Independent critiques about airline terminals and other transportation facilities.
Showing posts with label Albany. Show all posts
Showing posts with label Albany. Show all posts
Friday, December 21, 2012
Surprise! Albany's impressive train station
It may not be located downtown, but Albany, N.Y. has one impressive train station.
Climbing up from the platforms, arriving passengers enter a grand hall that feels unexpectedly monumental. It's way better, for example, than what Amtrak is stuck with at Penn Station in New York City.
All this for Albany?
Well, yes. Albany claims to be the ninth-busiest station in the whole Amtrak system (a statistic I found on ever-reliable Wikipedia), something that seems rather surprising at first glance.
But then again, it makes sense when you consider that Albany boasts a level of passenger rail service that most small cities in the United States haven't seen since World War II.

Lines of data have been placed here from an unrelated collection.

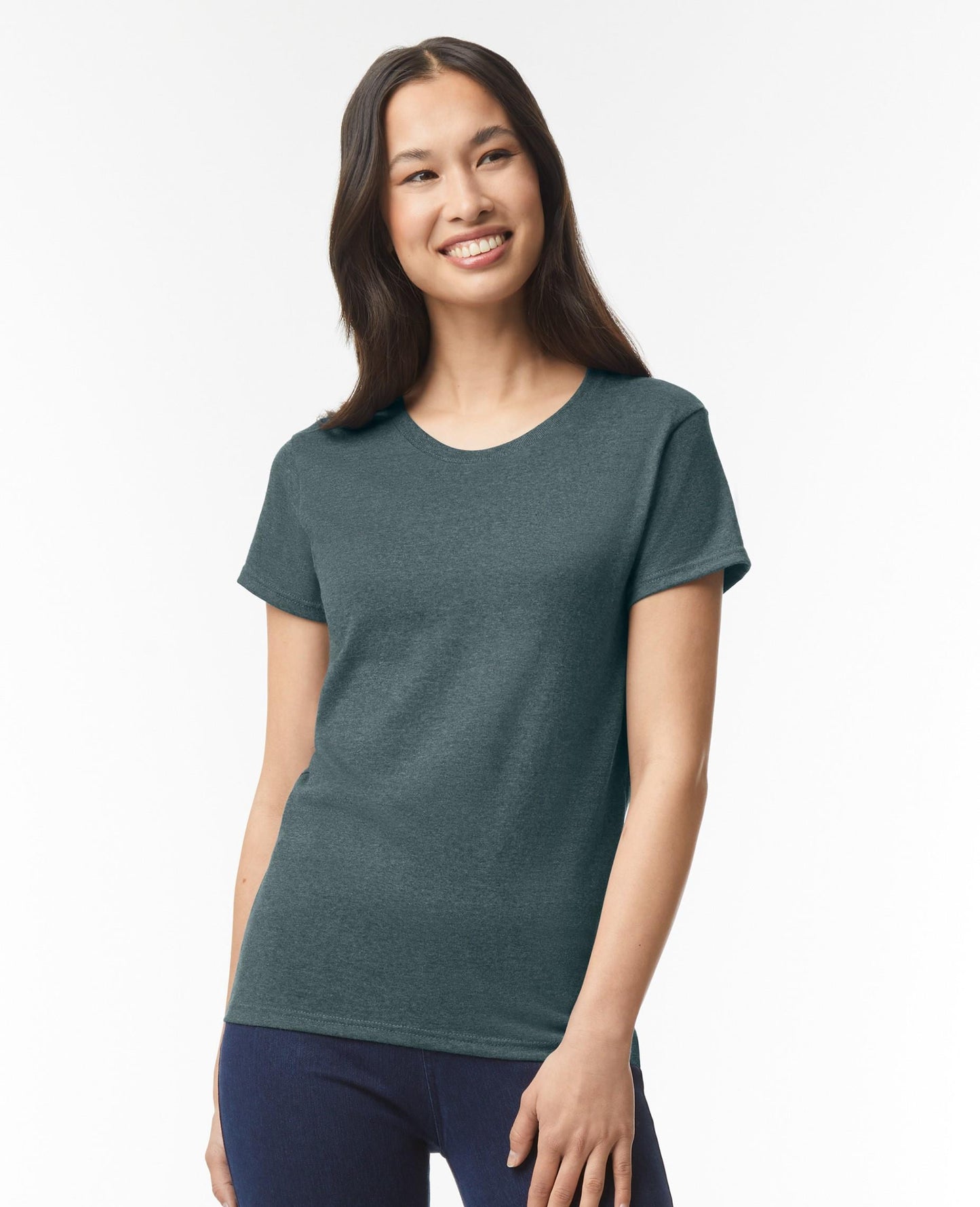 Gildan Heavy T Ladies - Dk Heather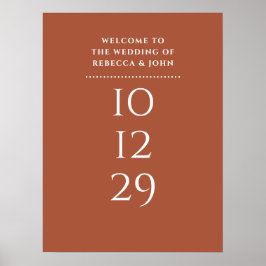 Poster Terracotta Sinal de Boas-vindas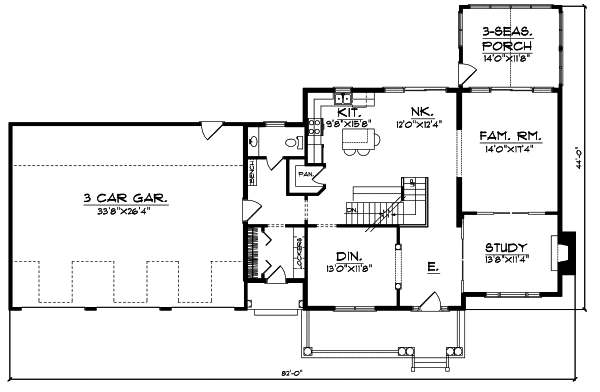 Main Floor Plan: 7-549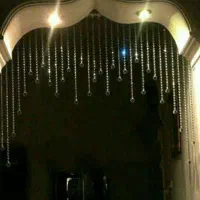 سفارش پرده آویز کریستال و لوازم|پرده، رانر، رومیزی|پرند, فاز ۶|دیوار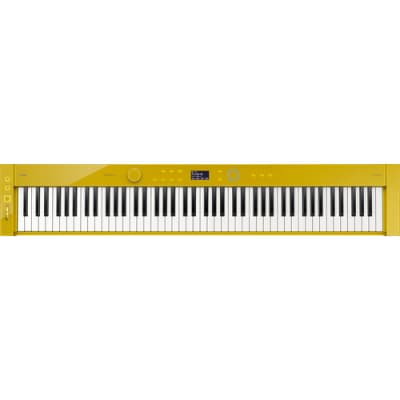 Casio - Privia PX-S7000HM - Slim-Body Portable Digital Piano Value Kit w/ Bench, Sustain Pedal & Headphone - Harmonious Mustard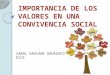 Importancia de los valores en una convivencia social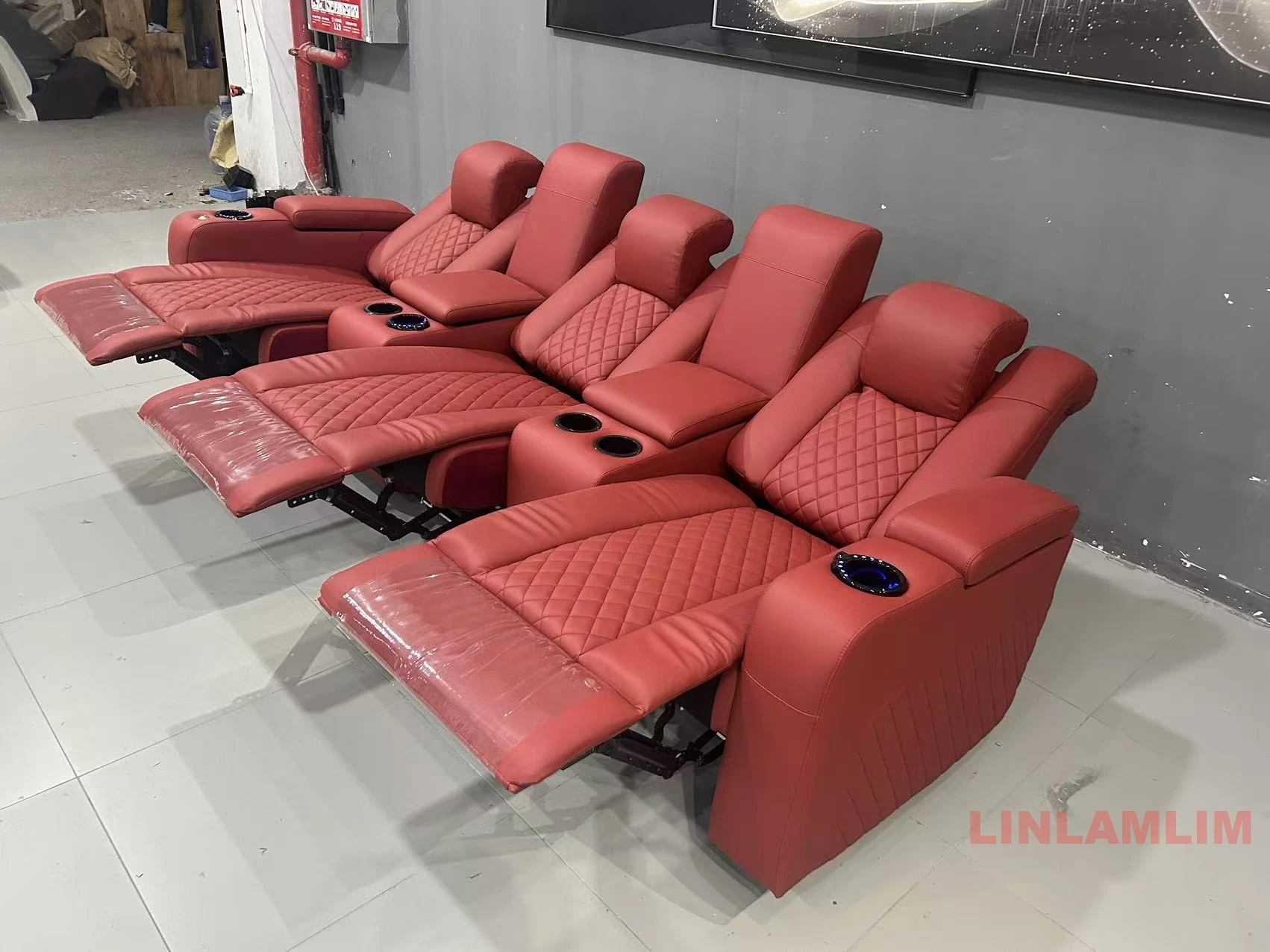 Linlamlim โซฟาผู้เอนกาย 3 ที่น - Home Cinema Recliners บทวิจารณ์และราคา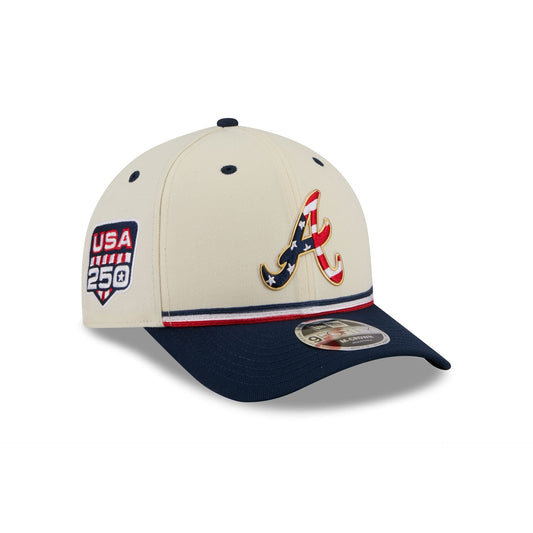 Atlanta Braves Independence Day 2026 9FORTY M-Crown Snapback Hat
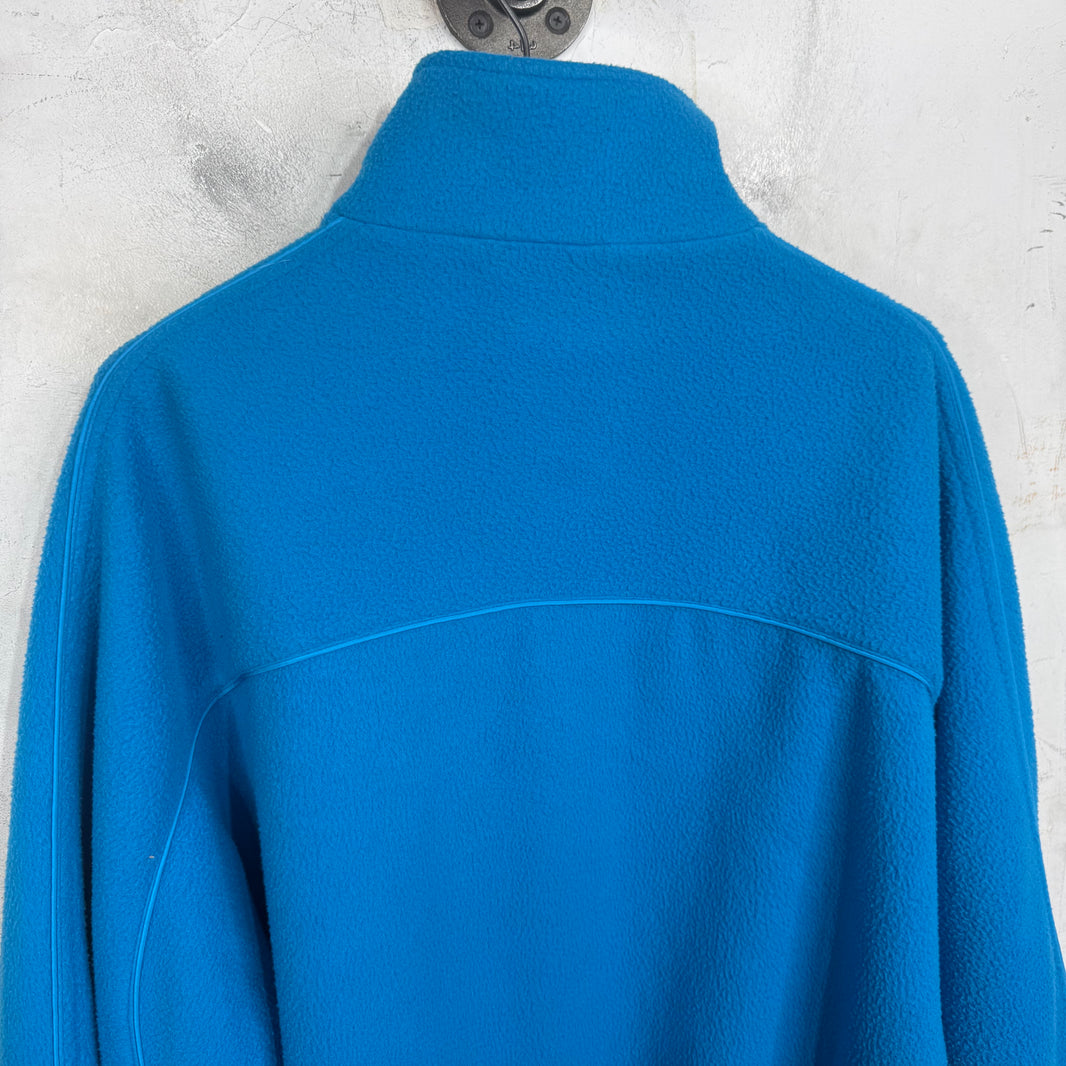Balenciaga Blue Sporty B Fleece Jacket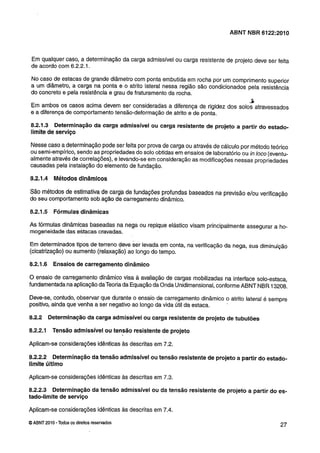 Nbr 6122 projeto e execução de fundações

Not only does the Capital Region enjoy frequent service to Penn Station (14 round-trips each weekday, according to the current Amtrak timetable), but it also maintains frequent service to Buffalo (three trains daily each way), as well as nightly service west to Cleveland and Chicago (sleeper on the Lake Shore Limited, anyone?), east to Boston, and north to the thriving metropolis of Rutland, Vt.
Add in two exotic international trains that cross the Canadian border – the Maple Leaf to/from Toronto and the Adirondack to/from Montreal, which both pass through here each day – and you've got yourself a schedule that most cities of similar size would envy.
So it adds up to one busy place – about 700,000 rail passengers a year, again according to Wikipedia. And things will only get busier due to a recent agreement with freight carrier CSX for Amtrak to take control of the tracks from here south to Poughkeepsie, a big chunk of the route to New York City.
This will improve dispatching and also clear the way for track improvements to speed up travel time to/from the Big Apple, so more service is planned for the future – so much so that a fourth platform is planned in additional to the existing three.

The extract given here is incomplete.